When I was doorknocking during the election campaign, one of the main things, apart from the issue of the further attack on Western Australian through the mining tax, people were saying to me was: ‘Whatever you are doing, make sure Colin Barnett holds his ground on this GST. We do not want WA people handing over this money to the Commonwealth.’ How can a bureaucracy from this far away, over 3½ thousand kilometres, administer, or even attempt to administer, health arrangements in Western Australia? We are out of sight, out of mind. Somebody, in fact, today referred to Western Australia as the other side of the black stump. You might say that, but do not forget the fact that we contribute a massive and disproportionate amount to Commonwealth revenues. We might be out of sight and out of mind, but you certainly want us to continue doing what we are doing.

In the last few moments, I just want to mention the fact that, as the member for North Sydney said, this is essentially saying to the Commonwealth government, Prime Minister Gillard and Minister Roxon: ‘Here’s a blank cheque from the states. We’ll sign on and you can grow the amount that you take away from us.’ We are not going to be doing that sort of thing. The member for Denison went on about GP superclinics, and I have addressed the fact that we do not want one in Canning because our doctors are running their GP services very well. He talked about after-hours GP services. We have had after-hours GP services operating out of the Armadale hospital for years, funded to some degree by the Commonwealth. So this is nothing new. We are doing very well, if you don’t mind, so we certainly do not want the Commonwealth imposing themselves on us.

We are actually quite leading-edge in the way that we run our health system in Western Australia.

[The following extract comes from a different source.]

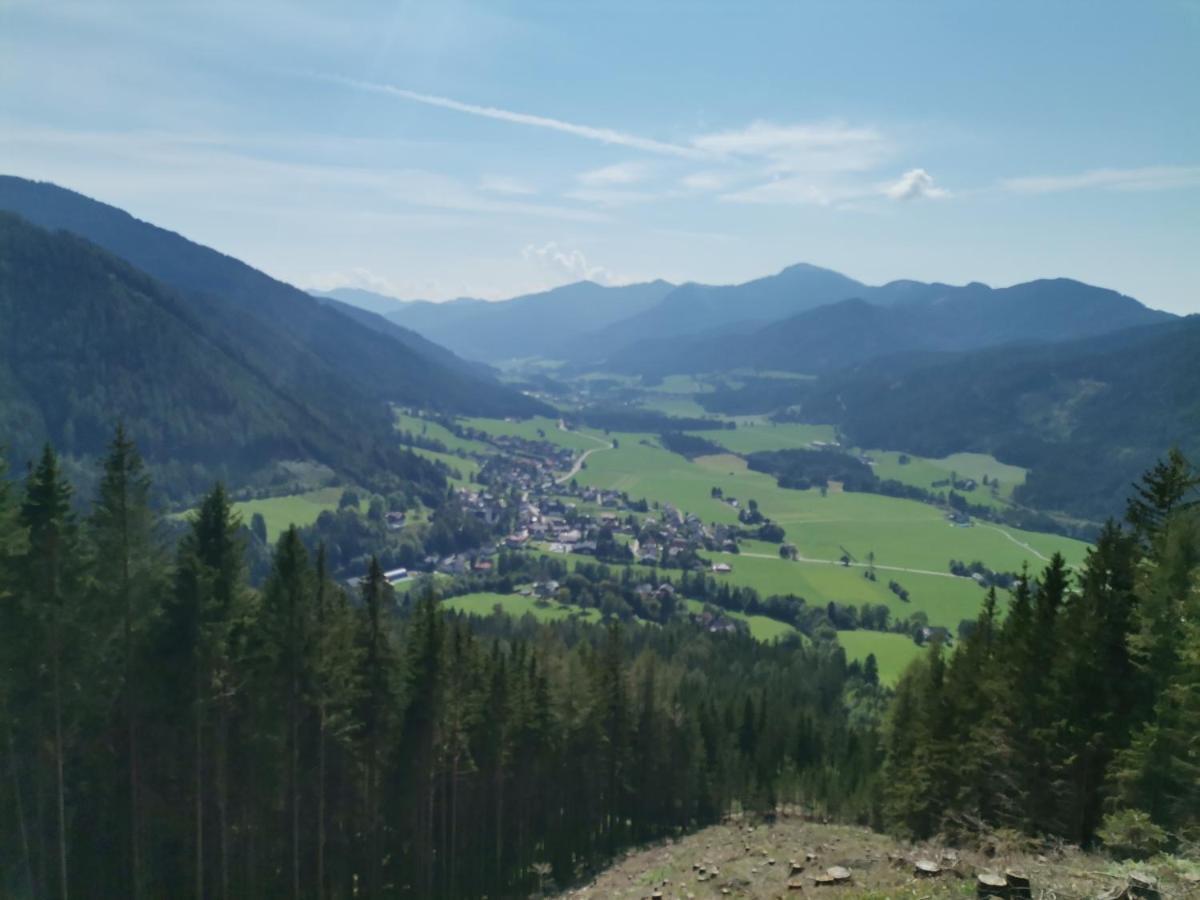Haus Bergblick Fruehstueckspension Oberort Luaran gambar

We were the first state to introduce the four-hour waiting program in emergency departments, based on the British model. If you are in an emergency department of a hospital, rather than being parked on an emergency bed somewhere in the corridor, you have to be admitted to a bed. All the ramping that goes on regularly in hospitals is another issue that has to be addressed. So the four-hour waiting rule has been introduced in Western Australia and—surprise, surprise—I see the Commonwealth and other states starting to say, ‘It wouldn’t be a bad idea if we could do this throughout the rest of Australia because it sounds as if it’s the right thing to do.’ We did not need to pinch anyone’s GST to do that in Western Australia; we are quite happy to fund it ourselves, if you don’t mind.

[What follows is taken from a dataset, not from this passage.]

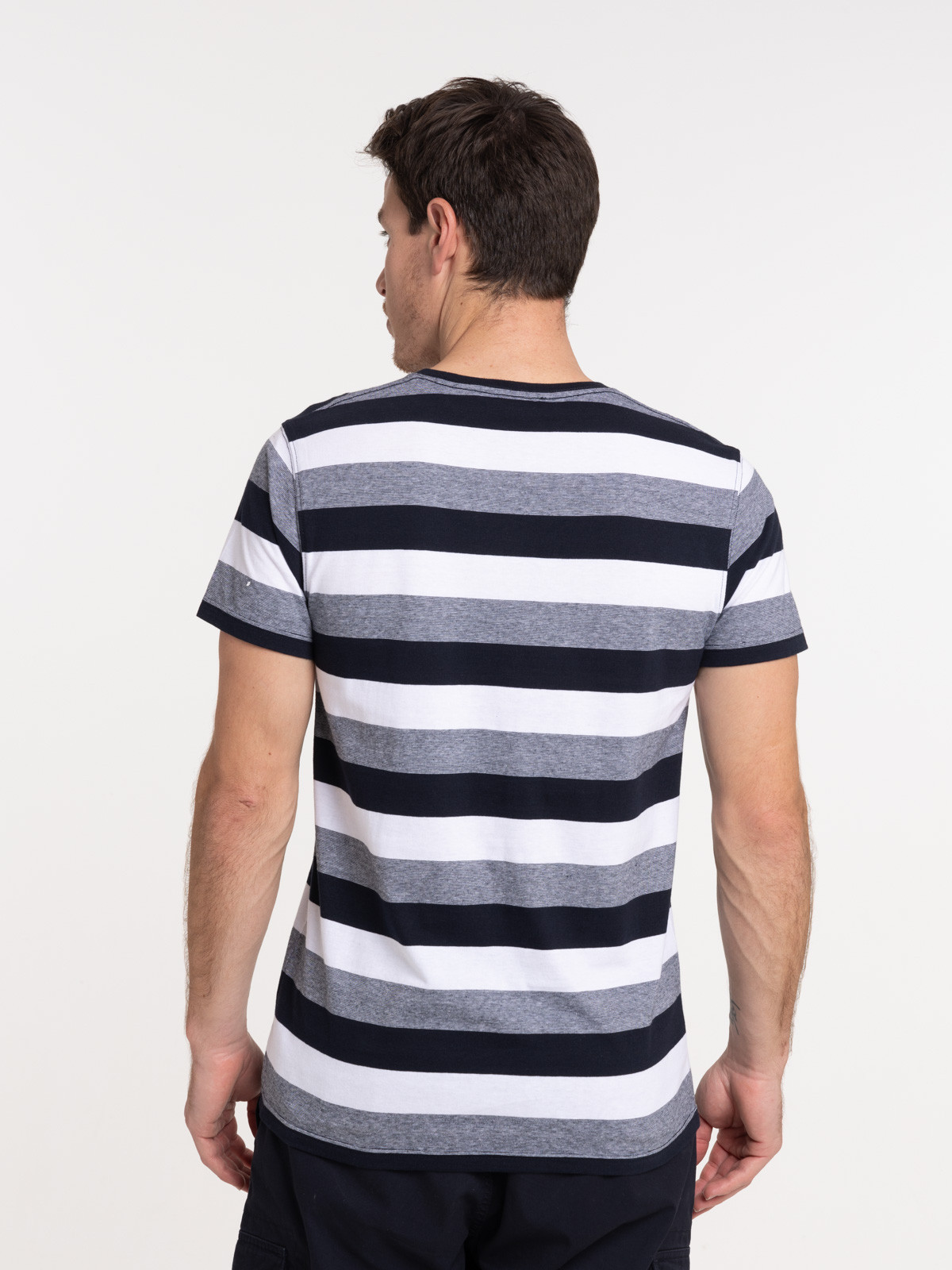 T-shirt rayé poche poitrine homme T-shirt rayé poche poitrine homme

But what we do object to in this bill, which is just another attack on Western Australia, is the money it wants to leach off us again. As I said, thank goodness for the geniuses who thought up the mining tax before the last election. That is why you only have three seats out of 15 in Western Australia, so keep it coming. I will be happy to make sure you have that policy leading up to any future election, whether it is in three years or before that, because Australians have a deep affection for the mining industry in this country. It is a bit like the deep affection we had many years ago for riding on the sheep’s back. Now we are riding on the mining industry, and any tax or any attempt to slaughter it for short-term gain is not held well by Australian people. They want it to continue to grow and make us prosperous, because the prosperity of this country comes from our resources, and this is a time when the rest of the world wants to soak up many of our resources. So we oppose this bill because it is an opportunity for a government that cannot stop its reckless spending and we will not sign on to it.